Up on the second floor there was an XIX century oil painting of two carriage drivers in a collision and whippin’ the shit out of each other over a fare while dust is flying, dogs are barking and people are hollerin’ in the streets. Not a whole lot’s changed in the past couple hundred years.


The Nazca warriors used to put mummified sculls one their belts.  Early psycological warfare.

Thursday, October 8, 2009

Peruvian Fireworks


Now I’m not exactly sure if the Yanacoto party was a virgin party but by the time we got there at 11:30pm, it was rocking along pretty good. It was outdoors in a little plaza like area with a dirt floor. There was a traditional band from the sierra playing their saxes and singing. Folks were dancing like they do in the sierra which looks kind of similar to native American dance, shuffling their feet and waving their arms a bit. There were other bands but I was too concerned with the beer and fireworks to notice. The beer was kind of expensive, 5 soles (<$2 for about a liter of beer).
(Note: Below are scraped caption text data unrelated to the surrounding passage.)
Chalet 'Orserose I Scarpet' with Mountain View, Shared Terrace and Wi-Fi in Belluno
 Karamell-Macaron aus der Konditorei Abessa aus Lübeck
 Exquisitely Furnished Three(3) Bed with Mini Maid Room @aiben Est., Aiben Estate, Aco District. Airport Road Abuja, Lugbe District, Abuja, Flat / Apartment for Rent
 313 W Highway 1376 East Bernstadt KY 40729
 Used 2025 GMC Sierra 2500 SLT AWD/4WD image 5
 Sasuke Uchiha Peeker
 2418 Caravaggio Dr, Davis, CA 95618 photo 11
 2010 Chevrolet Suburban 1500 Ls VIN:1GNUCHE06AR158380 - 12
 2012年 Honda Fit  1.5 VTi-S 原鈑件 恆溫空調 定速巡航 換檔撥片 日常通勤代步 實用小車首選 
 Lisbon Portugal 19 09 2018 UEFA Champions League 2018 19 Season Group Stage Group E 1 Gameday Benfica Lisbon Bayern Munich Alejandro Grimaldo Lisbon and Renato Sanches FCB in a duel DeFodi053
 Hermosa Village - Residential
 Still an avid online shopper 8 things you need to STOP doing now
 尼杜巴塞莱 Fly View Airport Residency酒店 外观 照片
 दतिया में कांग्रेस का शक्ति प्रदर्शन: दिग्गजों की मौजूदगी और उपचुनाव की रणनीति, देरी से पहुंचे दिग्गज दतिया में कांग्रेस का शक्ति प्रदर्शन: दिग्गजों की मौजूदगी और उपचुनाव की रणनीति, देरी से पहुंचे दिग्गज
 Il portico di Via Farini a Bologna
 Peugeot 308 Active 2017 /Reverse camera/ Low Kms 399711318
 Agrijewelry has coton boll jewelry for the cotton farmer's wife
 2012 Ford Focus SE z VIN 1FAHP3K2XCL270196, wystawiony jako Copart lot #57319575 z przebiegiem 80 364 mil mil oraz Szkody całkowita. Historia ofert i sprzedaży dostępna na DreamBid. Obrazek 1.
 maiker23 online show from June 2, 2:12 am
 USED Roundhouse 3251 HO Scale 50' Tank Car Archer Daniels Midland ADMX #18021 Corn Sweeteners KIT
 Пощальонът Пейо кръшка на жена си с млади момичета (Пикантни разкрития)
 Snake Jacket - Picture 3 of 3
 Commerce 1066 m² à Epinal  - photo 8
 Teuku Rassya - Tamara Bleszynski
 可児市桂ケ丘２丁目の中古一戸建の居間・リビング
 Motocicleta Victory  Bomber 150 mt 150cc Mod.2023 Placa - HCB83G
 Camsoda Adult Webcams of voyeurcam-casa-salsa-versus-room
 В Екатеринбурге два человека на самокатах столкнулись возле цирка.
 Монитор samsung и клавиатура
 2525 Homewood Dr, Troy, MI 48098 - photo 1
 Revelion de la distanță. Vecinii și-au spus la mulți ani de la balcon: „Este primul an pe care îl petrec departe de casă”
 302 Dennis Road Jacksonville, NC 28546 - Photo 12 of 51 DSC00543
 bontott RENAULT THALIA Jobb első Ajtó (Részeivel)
We showed up just in time for the big moment. There were a couple of fairly good sized bulls made out of bamboo and colored paper and a castle structure made of bamboo and colorful pinwheels. These were the fireworks. A man put one of the bull frames over his head and torso, lit the fuse and started dancing around the center of the dance floor. First, fire started blowing out of its horns and then the whole thing just started shooting colored sparks all over everywhere, including the spectators who had gathered around. He did this with a couple of the bulls and then went out to the bamboo structure in the middle of the street which stood about 3 stories tall. He lit the fuse which slowly crept up the structure and set off showers of sparks, launching screaming, burning bamboo projectiles high into the air, and lighting up fiery pinwheels. Then the fire would creep up to the next level and set off the next barrage. Of course there is always the grand finale where everything went up in flames and things were launched, screaming, spinning and burning.

No one got hurt or didn’t say anything if they did. Apparently Peruvians aren’t quite as litigious as gringos.